Provided information Start Marker
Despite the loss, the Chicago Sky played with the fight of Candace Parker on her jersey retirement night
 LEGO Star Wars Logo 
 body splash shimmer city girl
Provided information End Marker
Provided information Start Marker
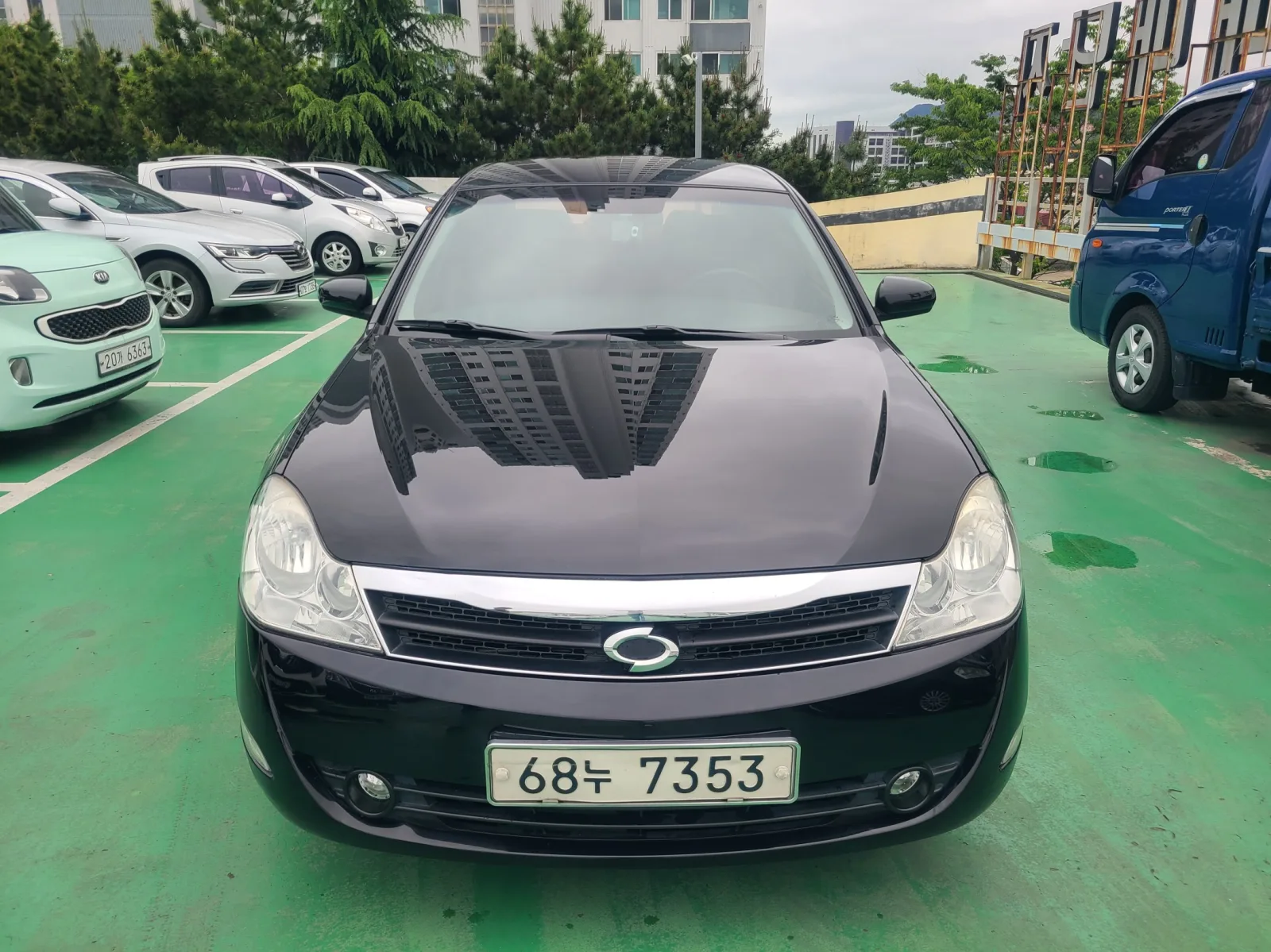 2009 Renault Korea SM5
Provided information End Marker
Action item:
In the material above, locate the line containing "LEGO Star Wars Logo" and the line containing "body splash shimmer city girl". Transcribe exactly those two lines and every line between them, and nothing more.

Final answer:
 LEGO Star Wars Logo 
 body splash shimmer city girl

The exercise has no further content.